TASK TO CARRY OUT
Retype the entries below word for word, leaving out every picture.

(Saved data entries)

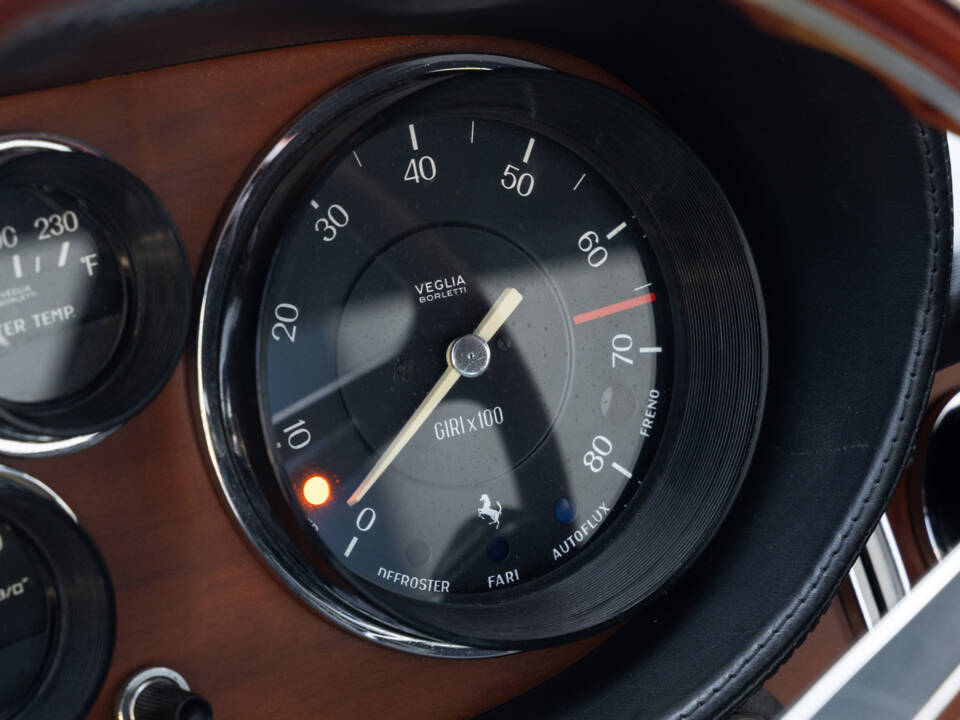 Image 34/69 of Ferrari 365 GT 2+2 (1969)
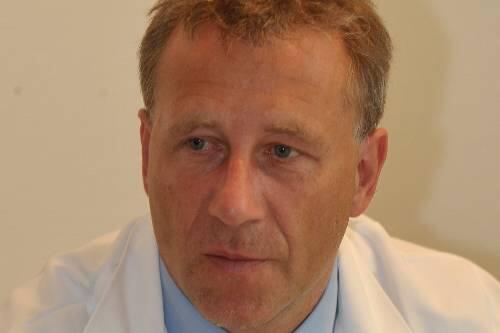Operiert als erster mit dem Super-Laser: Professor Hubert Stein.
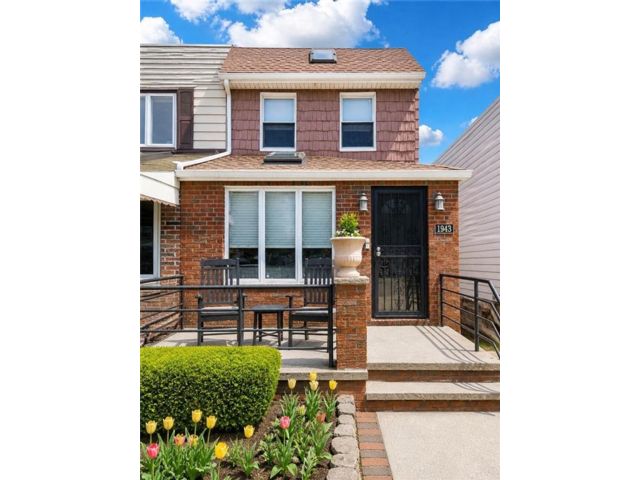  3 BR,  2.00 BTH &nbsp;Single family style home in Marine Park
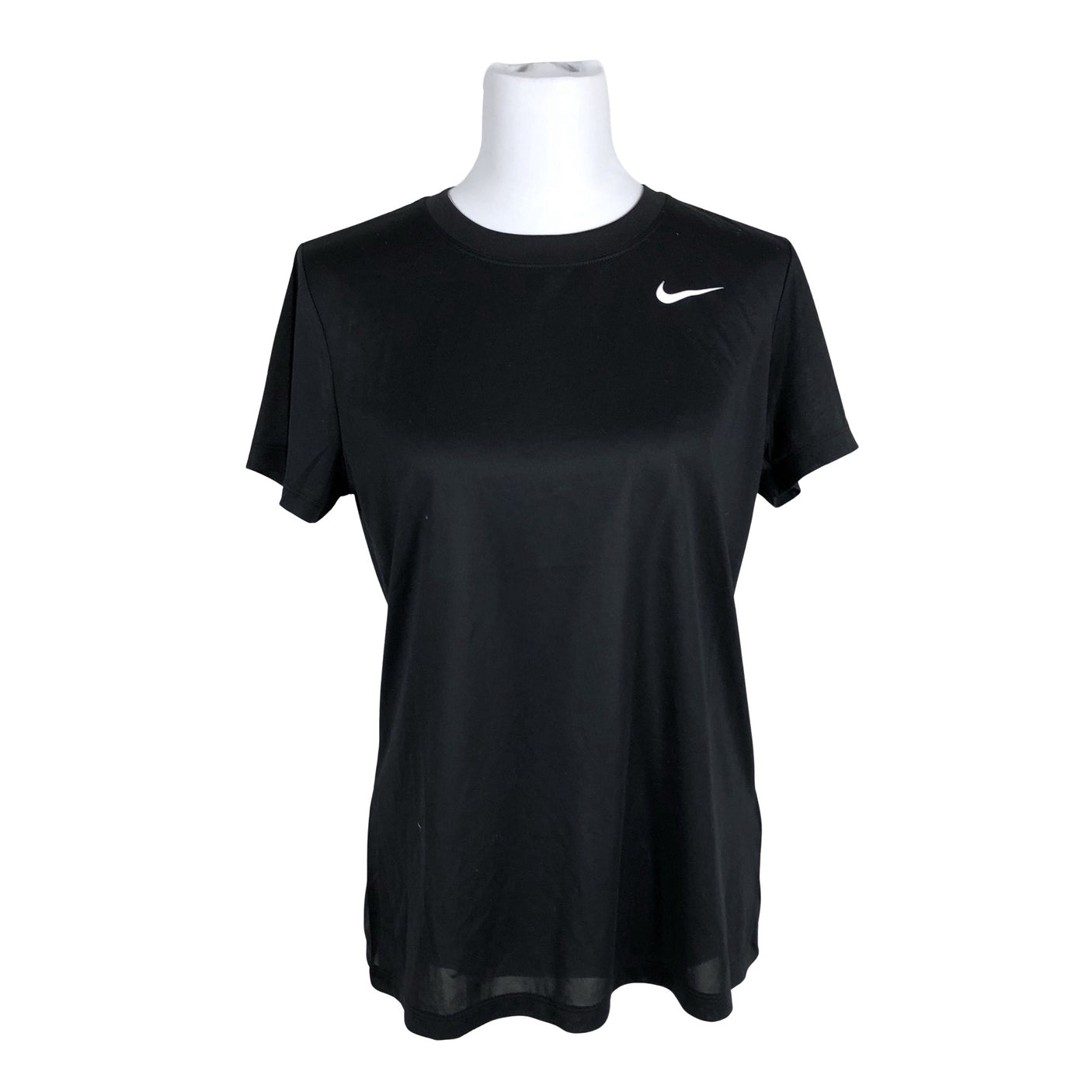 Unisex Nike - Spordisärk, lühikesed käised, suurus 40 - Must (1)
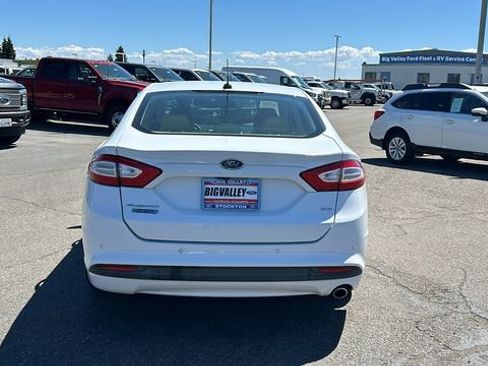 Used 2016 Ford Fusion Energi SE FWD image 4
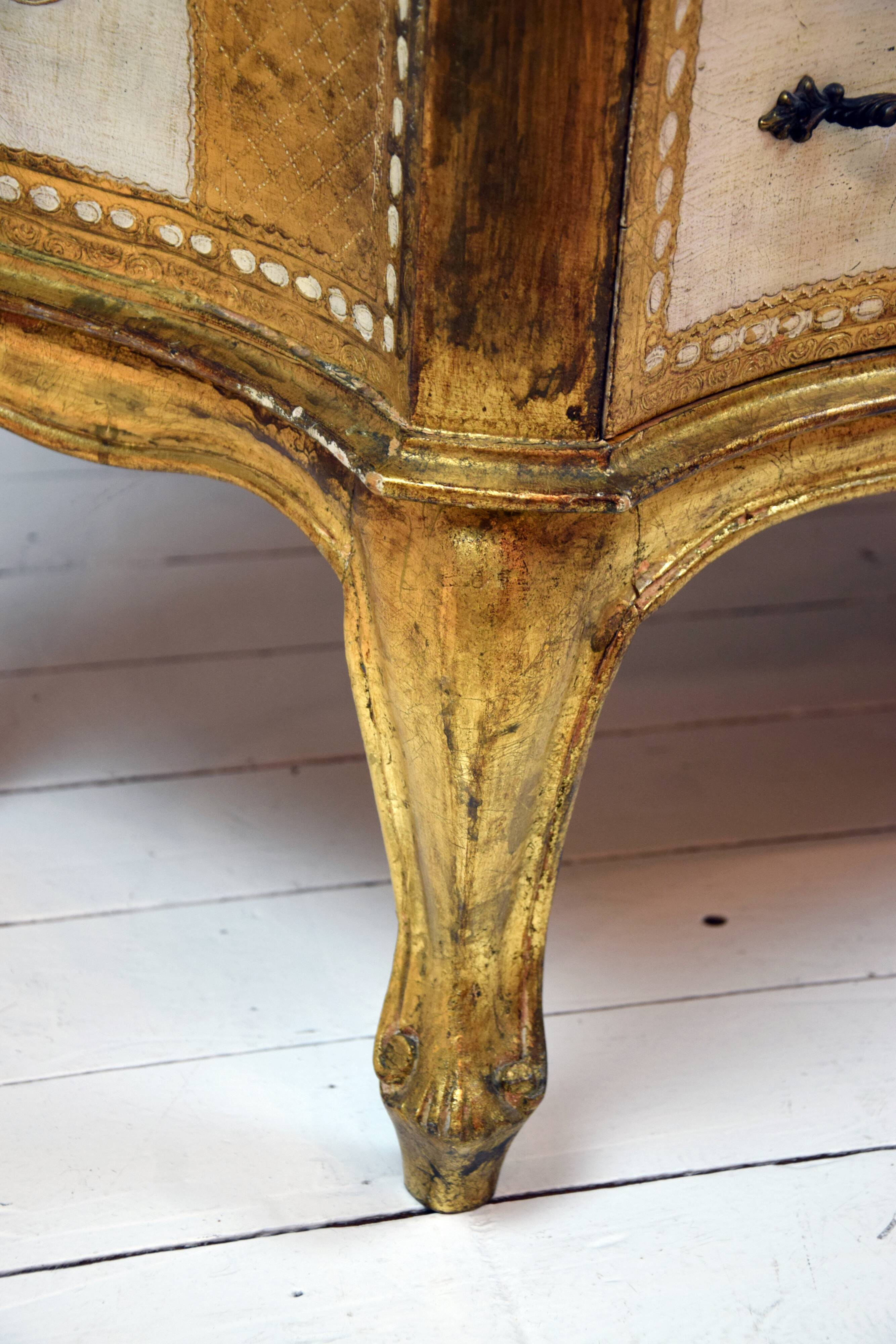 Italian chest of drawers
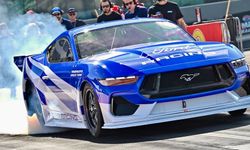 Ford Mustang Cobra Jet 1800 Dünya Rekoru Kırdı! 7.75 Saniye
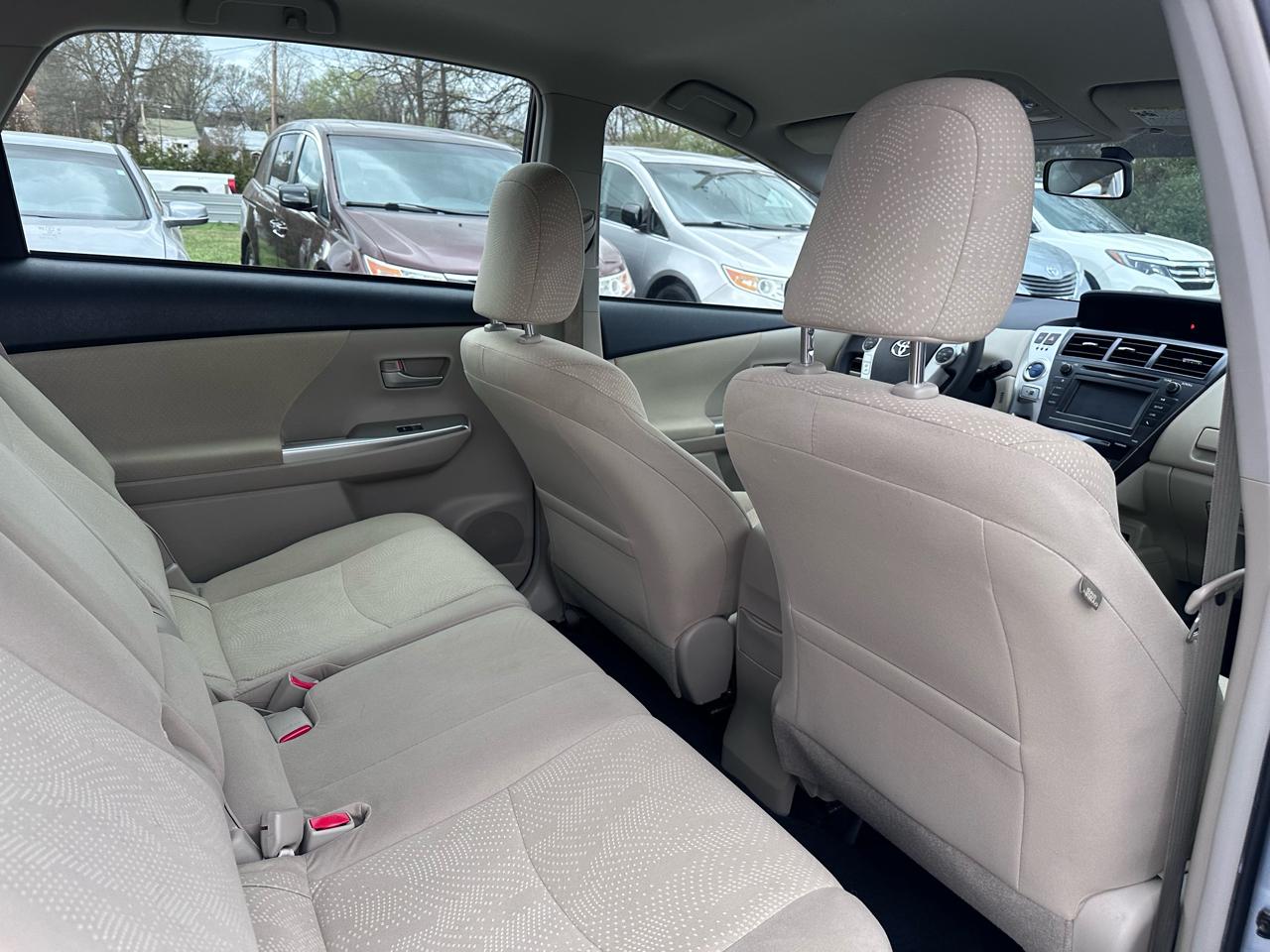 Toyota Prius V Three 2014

EXPECTED ANSWER
 Image 34/69 of Ferrari 365 GT 2+2 (1969)
Operiert als erster mit dem Super-Laser: Professor Hubert Stein.
  3 BR,  2.00 BTH &nbsp;Single family style home in Marine Park
 Unisex Nike - Spordisärk, lühikesed käised, suurus 40 - Must (1)
 Used 2016 Ford Fusion Energi SE FWD image 4
 Italian chest of drawers
 Ford Mustang Cobra Jet 1800 Dünya Rekoru Kırdı! 7.75 Saniye
 Toyota Prius V Three 2014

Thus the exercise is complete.